Director: Juliet Landau
Writers: Juliet Landau, Deverill Weekes
Stars: Juliet Landau, Gary Oldman, Robert Patrick
‘You’re that girl from Buffy,” someone says to actor-writer-director Juliet Landau at one point in A Place Among the Dead. Landau makes that thumbnail description of herself – she is indeed best known for playing the vampiric Drusilla in Buffy the Vampire Slayer and its spinoff Angel – a badge of both honour and shame in this peculiar mockumentary-horror-psychodrama.
Depending on the angle of view, it’s either an excoriation of Hollywood narcissism and solipsism, or a product of it. As such, it suggests that Landau is clearly an interesting and complicated character, but her direction here is less compelling, given what a mess it is by the end.
The idea is that Landau, as herself, is making a doc with her husband-cinematographer Dev (real-life cinematographer Deverill Weekes) about vampires and evil in general, specifically a local bloodsucker/serial killer named Darcel (seen only in glimpses but credited as being played by both Bryan Michael Hall and Seth Bewley) who makes brightly coloured paintings of his victims. It’s left unclear whether Darcel is really undead or just a psycho with a taste for satanic imagery and cheesy artwork, the kind you might see in a seaside town’s commercial art gallery.

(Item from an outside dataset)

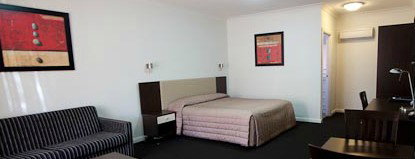 Book North Wagga Accommodation Vacations Perths Hotel Perths Hotel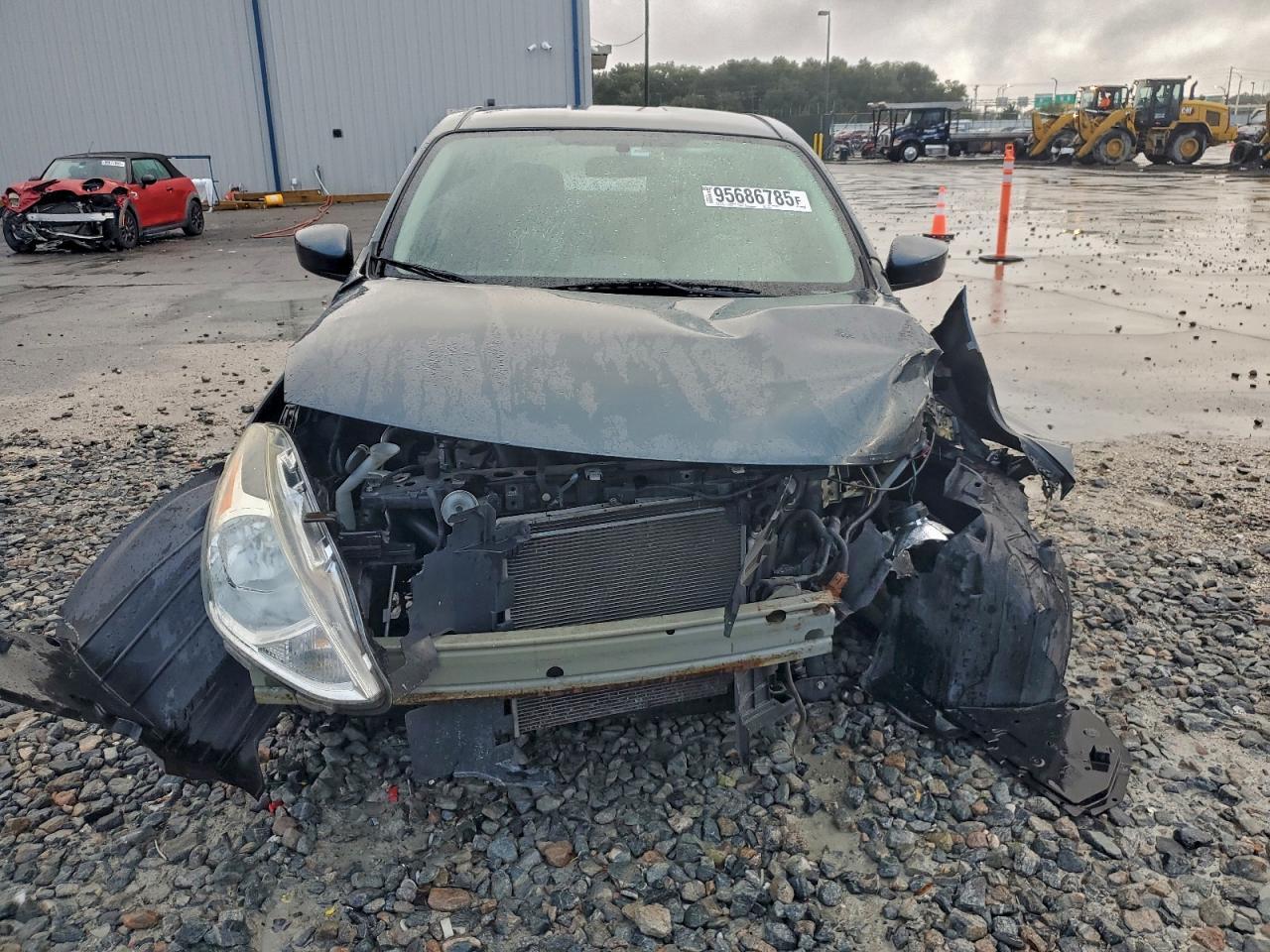 2017 NISSAN VERSA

As Landau gets ever more deeply involved with the police investigation into his murders, she and Dev interview various experts on vampirism playing versions of themselves, including Gary Oldman, novelist Anne Rice, Landau’s old boss Joss Whedon and the novelist-critic Kim Newman, who is as perspicacious as ever. These mock-doc components are far more persuasive than watching Landau overact in the gothic fiction sections.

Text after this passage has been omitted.